8. Mount Rushmore once had its own baseball team.
While at Rushmore, Borglum and his son organized a baseball team made up entirely of their day-laborers. In 1939, the “Rushmore Drillers” had a great summer, qualifying for the semifinals in South Dakota’s Amateur Baseball Tournament.
9. Mount Rushmore is just two counties away from the U.S.’s geographic center.
Alaska and Hawaii became states in 1959, shifting the geographic center of the U.S. from Smith County, Kansas, to Butte County, South Dakota. The exact spot is located on private land, but roughly 20 miles to the south—in the nearby city of Belle Fourche, South Dakota—there’s a compass-shaped monument honoring America’s midpoint. By car, that attraction’s only 79.4 miles from Mount Rushmore, the most iconic spot in Pennington County.
10. The last surviving Mount Rushmore carver died in 2019.
A prominent member of those Rushmore Drillers, Donald “Nick” Clifford was a right-fielder and the youngest carver ever to work on the monument. He was hired in 1938 at the tender age of 17. Clifford outlived all of his Mount Rushmore co-workers and died in 2019 at 98 years old.
11. Native Americans activists occupied Mount Rushmore in 1970.
The 1868 Treaty of Fort Laramie set aside South Dakota’s Black Hills, Mount Rushmore included, for the exclusive use of indigenous people. Yet the United States hastily redrew the agreed-upon boundaries when General George A. Custer found gold in the region six years later.
In 1980, the Supreme Court ruled the U.S. government had acted illegally. As per the ruling, a compensation trust now worth over $1 billion was set aside for the Sioux. That money has never been collected.

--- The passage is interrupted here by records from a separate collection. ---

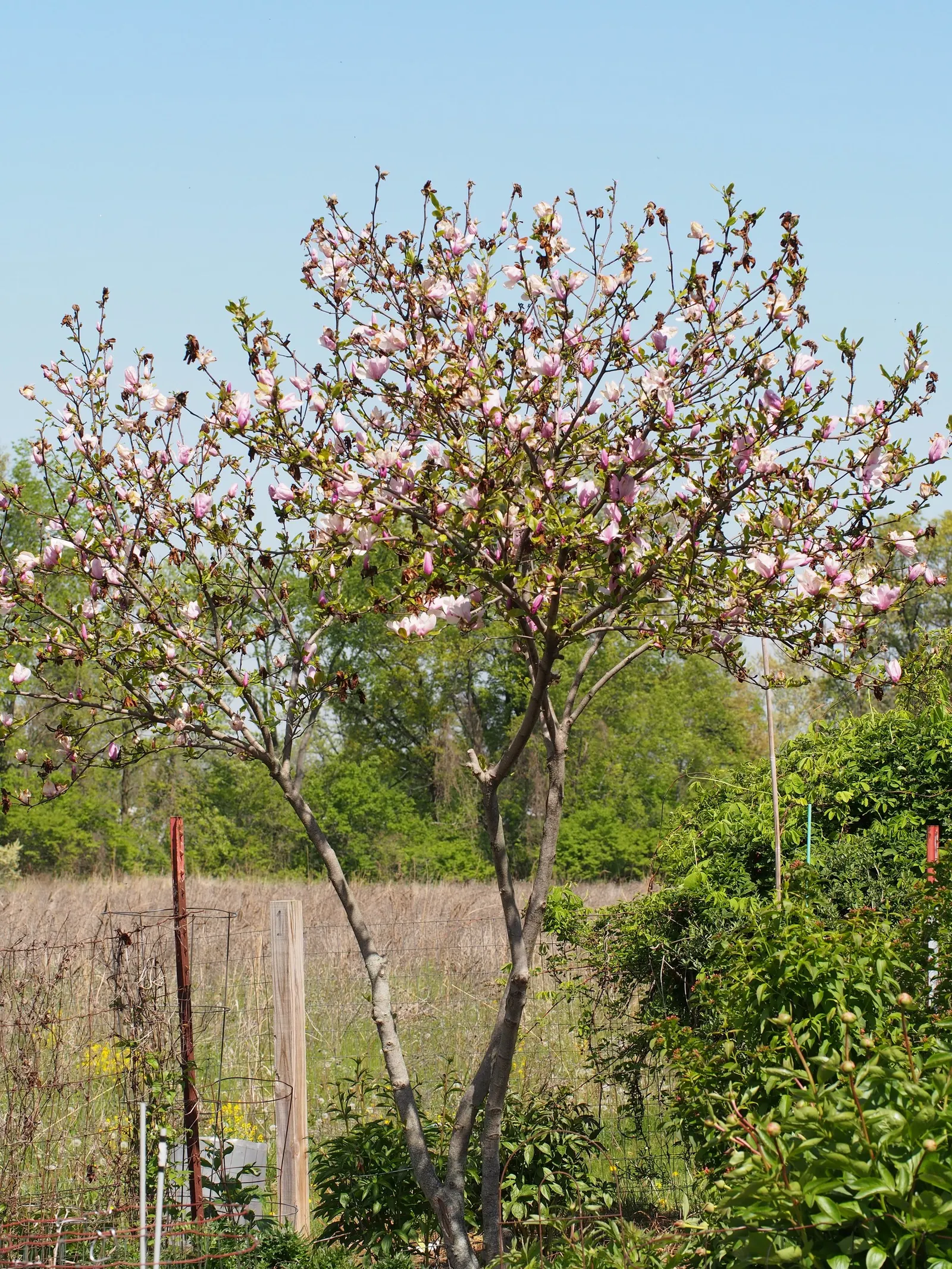 Jane Magnolia (Magnolia 'Jane') — about 5 to 6 inches across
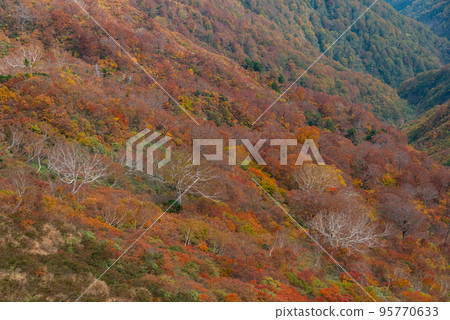 三片岩岐阜縣的紅葉 三片岩岐阜縣的紅葉 95770633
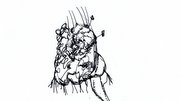 Image codes are temporarily obliterated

Ten years before that Supreme Court decision, a group of 23 Native American activists climbed Mount Rushmore on August 29, 1970. Demanding that the land be restored to the Sioux, the group defied federal regulations and set up camp atop the mountain. Protestors remained at the site until that November, when bad weather finally drove them out. According to Lehman Brightman, the former President of the United Native Americans organization and one of the event’s architects, it was “the first Sioux Indian uprising” since Custer’s lifetime.